I know that the local restaurants are questioning whether they would take business away, but I was down in the Village for dinner one recent Wednesday and it was completely dead at 7 p.m. We dined in the wonderful Greek hof brau with only one other couple and thoroughly enjoyed our meal.
My point is that if more people were drawn to the Village for the food trucks, many good things would happen: They would see how wonderful the Village truly is and return later, they would support local business (the food trucks themselves are also local businesses) and a sense of community would grow stronger when neighbors and friends meet to experience something new and fun.
This is something to consider and discuss.
Pam O'Tey
Oakland
Miles-traveled
The road rage of many of your readers stimulated by the MTC/ABAG proposed Vehicle Miles Traveled tax is not surprising.
On this issue, there is a broad misperceived right of privacy and expectation of free service. My private motor vehicle becomes part of the public transport system when I drive on metropolitan roadways, and the community has a right to measure the use I make of the system and expect me to pay.
Revenues to maintain metropolitan highways have not kept up with the demand placed on them. Gasoline taxes are collected on a per-gallon basis rather than upon the inflated value of the gasoline, so that source of revenue has lagged as fuel consumption has flattened.
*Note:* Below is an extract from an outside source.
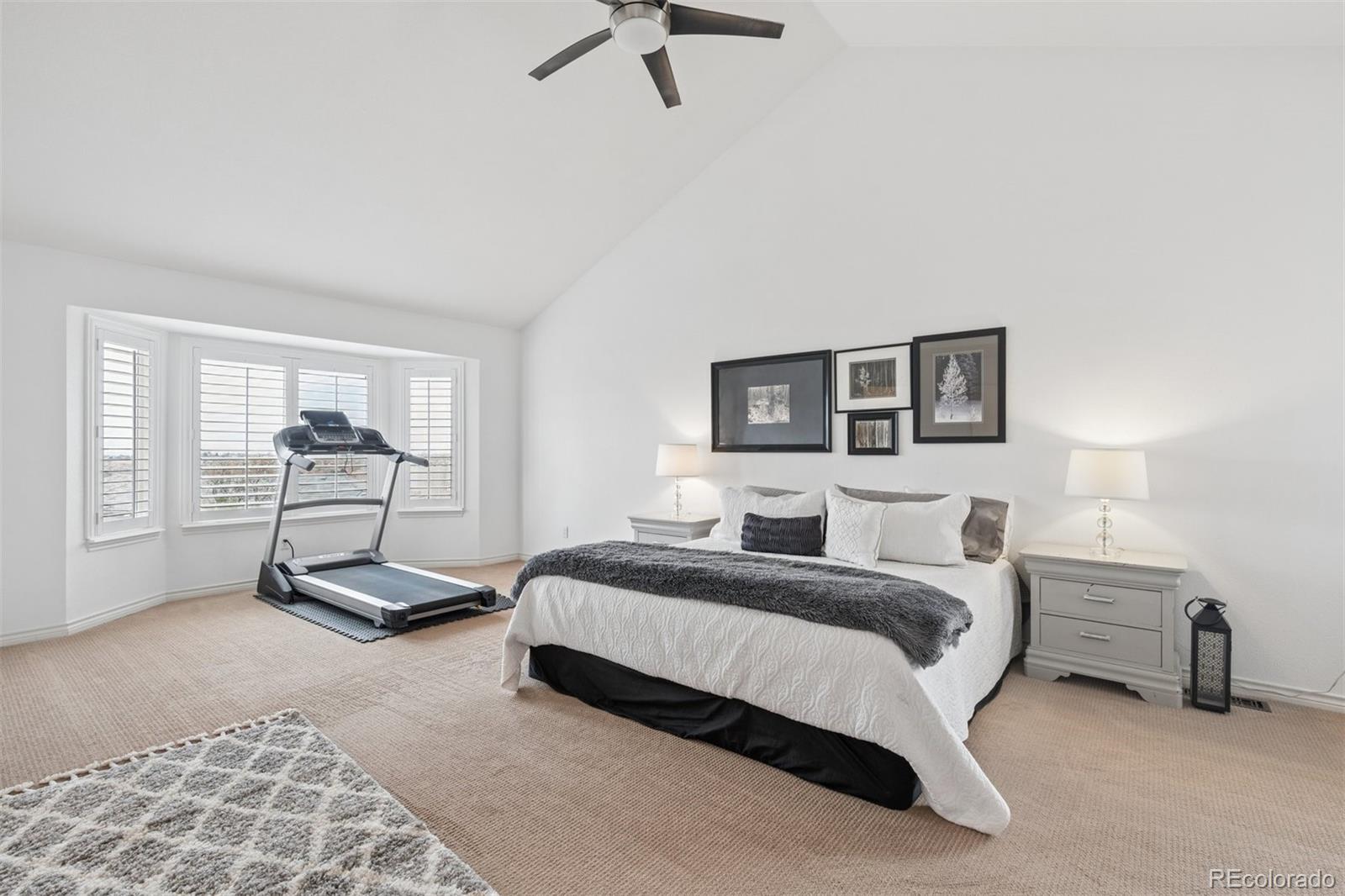 MLS Image #11 for 2959  clairton drive,highlands ranch, Colorado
Contrary to the assertion that the idea is anti-automobile, I believe it may promote greater recognition of the importance of automobiles in our transportation system and offer a means of improving their utility.
The Metropolitan Transportation Commission is to be commended for seeking new ways to increase transportation revenue.
Larry Waldron
Berkeley
On our way to bankruptcy
What impossible circumstances now exist in our cities, counties and in our state. Public sector unions are forcing us to go bankrupt.
We can't afford our schools, firefighters, law enforcement officers and our local government staff. I would see no problem paying them if we could afford it. What can we do?
Taxes and more taxes, seems to be the officials' solution. Unfortunately, we have scared off most of our industries and our wealthy taxpayers who produce jobs and pay taxes.
Too many of our wealthy have moved to other states where they are appreciated because they produce good jobs.
We still have good retail, high tech, transportation, tourist and agricultural industries. But mining, drilling, construction and medium and heavy industry jobs are eliminated because of ridiculous rules, regulations, permits, fees and taxes that kill jobs.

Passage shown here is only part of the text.